Which makes examples such as the highly successful Green Bay Packers in the NFL a beacon of hope for anyone who does not enjoy watching suits fill their wallets at the expense of those who fill the stadiums. Despite the plethora of ‘small town teams’ lured to bigger cities by the dollar sign, and a population just touching over 100,000, the Packers have managed to remain in Green Bay and remain competitive on the pitch – they are the most successful team in terms of Championships – not through a local businessman made good, or a consortium expecting their investments to be returned with kind. A publicly owned, non-profit organisation, owned by 112,000-plus stockholders, each of whom receives no dividend on their investment.
No multi-million dollar corporation or owner.
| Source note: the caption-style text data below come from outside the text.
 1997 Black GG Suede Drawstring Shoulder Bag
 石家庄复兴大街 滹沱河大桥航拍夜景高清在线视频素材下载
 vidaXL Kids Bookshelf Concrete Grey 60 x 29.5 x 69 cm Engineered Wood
And, in a league in which the top salary for 2008 topped out at over £300,000 a week, is a staggering achievement. And proof that fan ownership rather than clinging to faint and naïve hope of someone from Kuwait, Dubai or further afield riding through the Paisley Gates as the answer to all our problems can provide a real answer.
The successful model of Barcelona has been lauded whenever fan ownership has been brought up, and, like the Packers in the NFL, fans elect a board of directors to represent them. At present what accountability do we have with anyone at the club?
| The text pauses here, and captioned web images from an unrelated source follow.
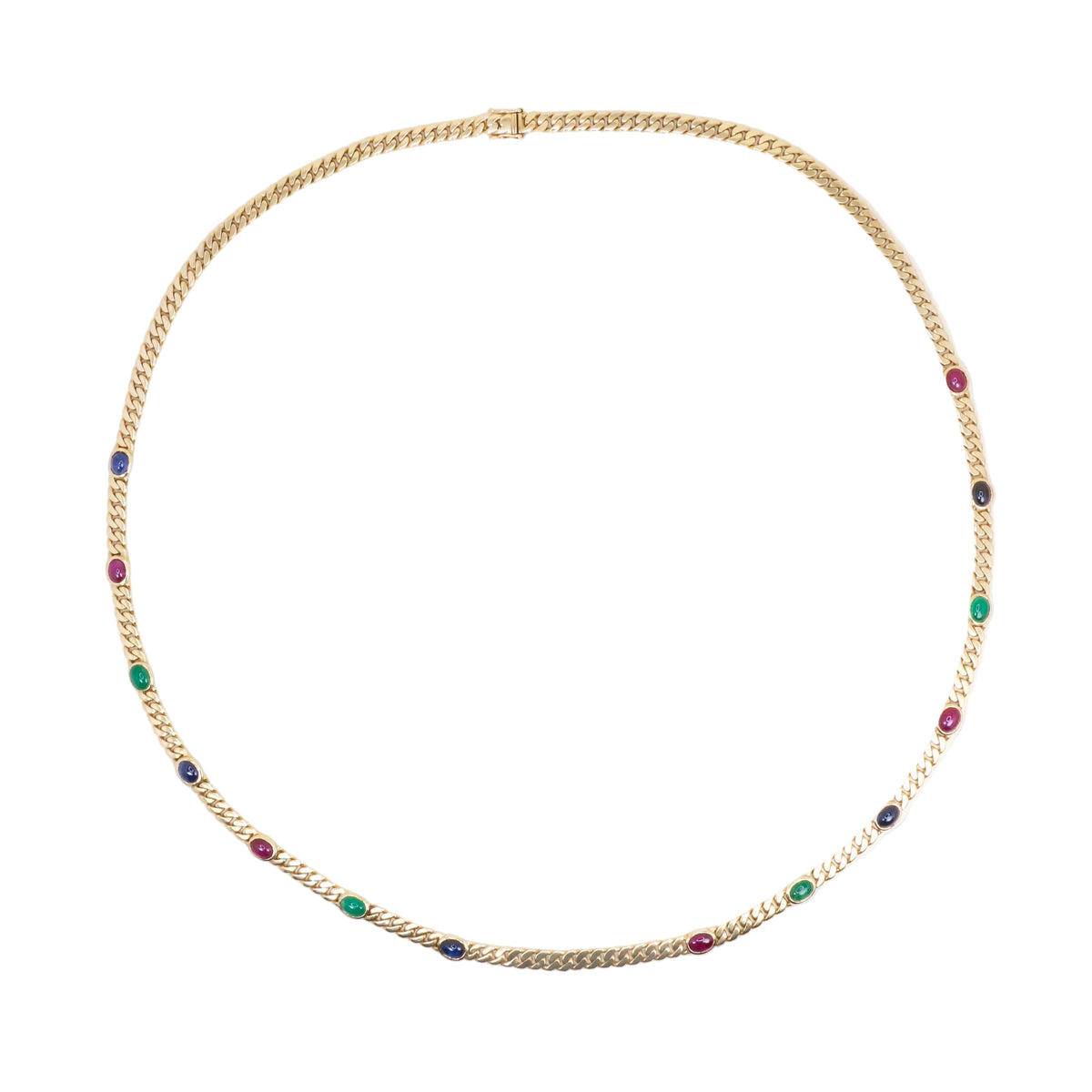 Collier Sautoir en or jaune, émeraudes, saphirs et rubis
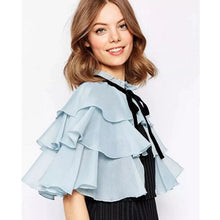 Ethnic Ruffles layer Cape Shirt Bandage Collar Cardigan Blouse Tops blusas chemise femme blusa  S M L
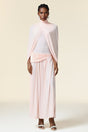 Danielle Pink Maxi Dress Asymmetric Fold Design High Neckline Waist Detailing Elegant Modern Comfortable Evening Formal Statement Piece Beautiful Empowered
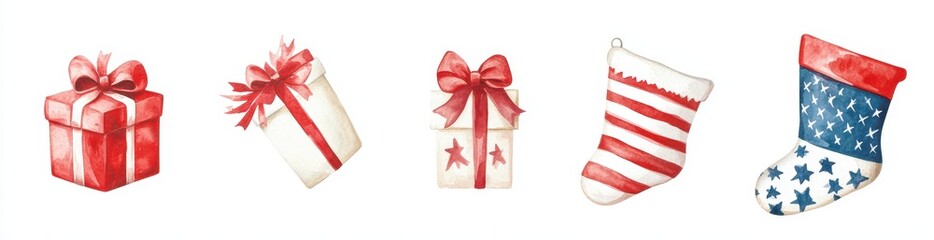 Fototapeta premium A festive arrangement of decorated gifts and stockings, perfect for holiday celebrations and seasonal decorations.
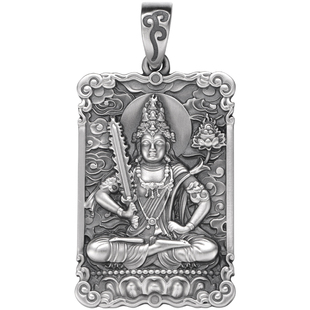 上尊男饰 虚空藏菩萨 属牛虎本命佛吊坠 男 999纯银泰银项链 饰品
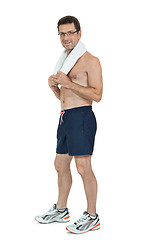 Image showing smiling mature sporty man with towel fittness sport health isolated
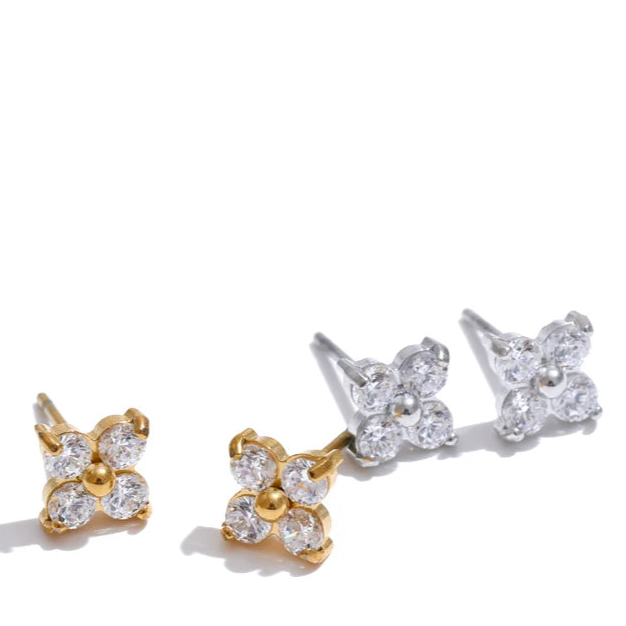 Ziora Cubic Zirconia Flower Stud Earrings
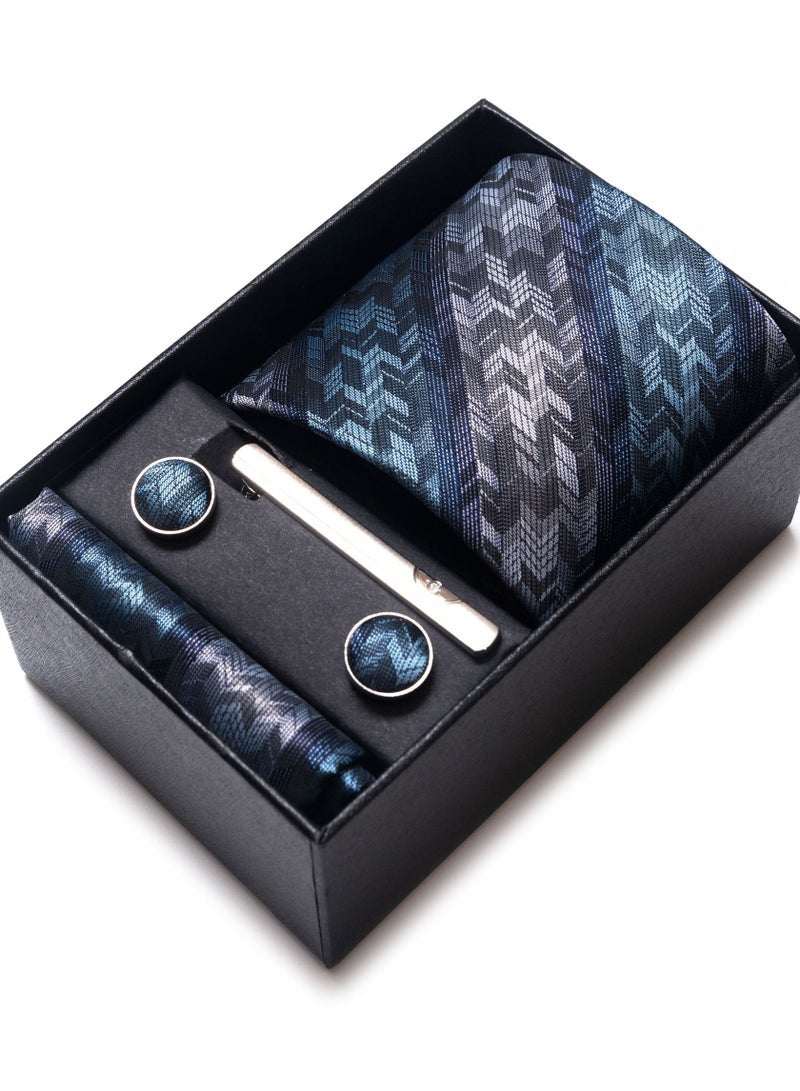 Men's Geometric Pattern Gradient Color Set with Pocket Square, Cufflinks & Tie Clip - Formal Tie with Handkerchief in Gift Box for Business, Wedding, Office, Parties & Corporate Gifting - Image 1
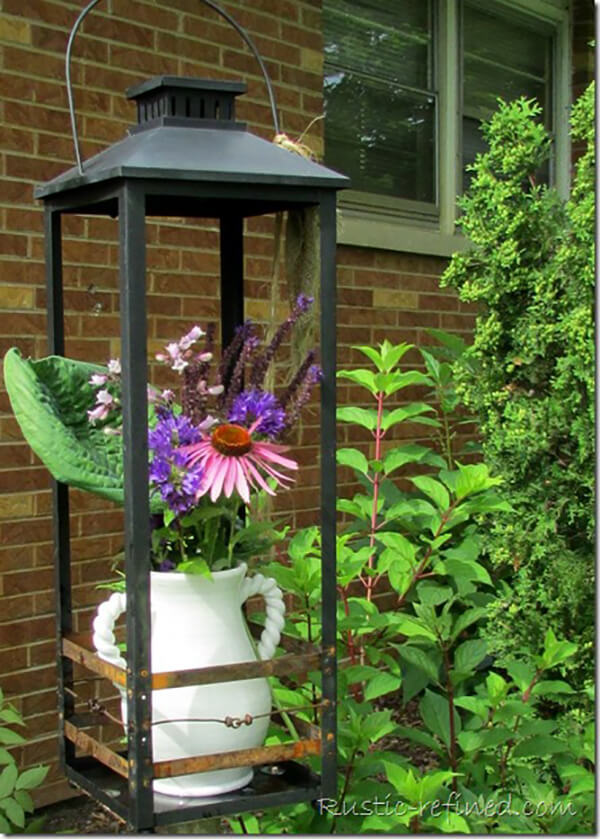 Large Metal Lantern Flower Vase Holder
When Joan Laporta’s leadership of Barcelona was called into question, an attempted vote of no confidence did not receive the required 66% to see a forced resignation. But, the fact that the end of Laporta’s reign was a serious possibility with pressure from the fans, shows just how the scene in Catalonia is a stark contrast to the ‘like it or lump it’ nature of privately owned English football.
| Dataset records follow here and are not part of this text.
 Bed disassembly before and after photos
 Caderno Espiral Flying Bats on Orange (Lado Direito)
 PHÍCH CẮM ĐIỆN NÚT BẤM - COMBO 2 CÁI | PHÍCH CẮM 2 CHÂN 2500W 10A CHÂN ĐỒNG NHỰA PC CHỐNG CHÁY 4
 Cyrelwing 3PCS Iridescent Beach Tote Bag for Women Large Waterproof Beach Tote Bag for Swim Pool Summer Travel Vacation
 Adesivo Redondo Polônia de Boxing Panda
Can then a club owned by fans work in English football, or are we clinging to some Utopian dream that would not work in the cut-throat higher reaches of English football? If Sheik Mohammed Maktoum and the Dubai International Capital group baulked at the baffling price put on Liverpool, how could fans produce the capital?
Of course, that’s for people far more qualified than myself to answer in any kind of detail. But after a few months – in fact, years – of the notion of fan ownership of LFC looking dead in the water, there has been some hope that seems to have been lost in Rafa’s sacking, the World Cup and the new manager saga.
Spirit of Shankly have announced plans to work with the Credit Union to allow fans to save £500 to purchase a share in the club. The biggest obstacle towards fan ownership – in fact, the reason it was so quickly dismissed as a pie in the sky idea – was the £5,000 Rogan Taylor and ShareLiverpool wanted. £500 that can be built up would certainly be affordable. The fact this news published on the SOS site and numerous other sources has been the big issue to LFC fans proves than those initial doubts still linger, sadly it seems the fanfare surrounding SL needing £5,000 a head is still associated with fan ownership. ShareLiverpool and SOS are still in negotiations, but the £500 figure needs to remain if this is to have any chance of success.
However, unless we want to continue the circle of a honeymoon period followed by the realisation that there is only a shot term plan for profit by any future owners of the club, fan ownership could be the only way to ensure that the club has suitable custodians – ourselves.